This paper addresses a re-entrant permutation flow shop (RPFS) scheduling problem that minimizes the makespan and maximum tardiness of jobs and presents a two-step procedure. In the first step, a population is broken down into sub-populations, in which a genetic algorithm (GA) is applied to obtain an appropriate approximation of a Pareto front. In the second step, non-dominant solutions are unified as a single large population to enhance the Pareto-front. A multi-objective hybrid meta-heuristic algorithm is proposed based on a dominance relation. In general, proper combinations of multi-objective approaches are considered in two steps that combine elements of both GA and simulated annealing (SA). A hybrid meta-heuristic algorithm is used for raising the generality level. Thus, the same solution approach can be applied to various problems. The hybrid meta-heuristic algorithm is considered with Lorenz dominance and Pareto dominance separately. Three approaches are used to assess non-dominated solution sets. Afterward, a comparison between non-dominated sets taken from each step and non-dominated sorting genetic algorithm (NSGA-II) and Lorenz NSGA-II (LNSGA-II) algorithms proposed in the previous studies is carried out. The two-step algorithm is an effective method for this study, according to the computational research findings.
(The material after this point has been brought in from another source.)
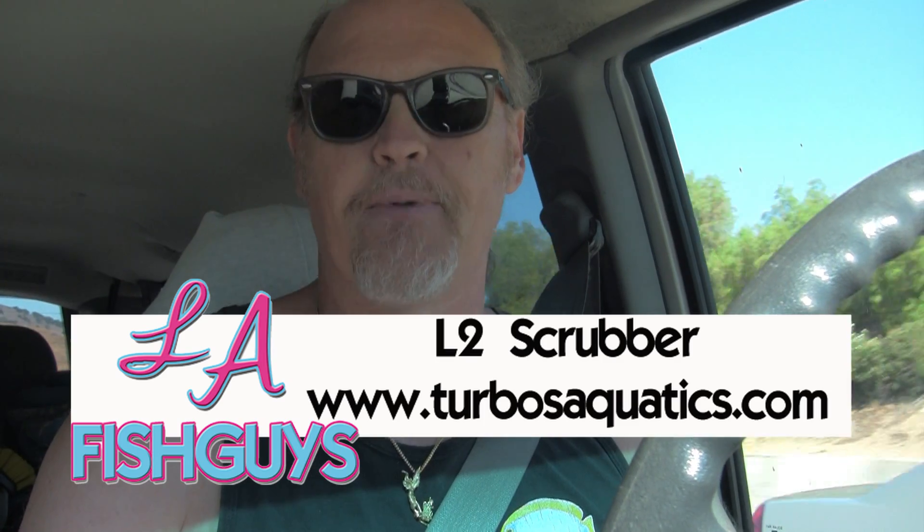Welcome to the final part of installing the L2 LED light algae scrubber from Turbo's Aquatics. Last week we installed the algae scrubber on the customer's tank. This week we're going to test for nitrate and phosphate. The customer mentioned how impressed he was by how clear and algae-free the tank was, which I find surprising since it's only been a week. We'll also clean the algae screen to see how much has grown. Let's get to work.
Moreover, applying the set coverage criterion shows the superiority of Lorenz dominance over Pareto dominance relations.

Suggested Citation

  • Maedeh Fasihi & Reza Tavakkoli-Moghaddam & Fariborz Jolai, 2023. "A bi-objective re-entrant permutation flow shop scheduling problem: minimizing the makespan and maximum tardiness," Operational Research, Springer, vol. 23(2), pages 1-41, June.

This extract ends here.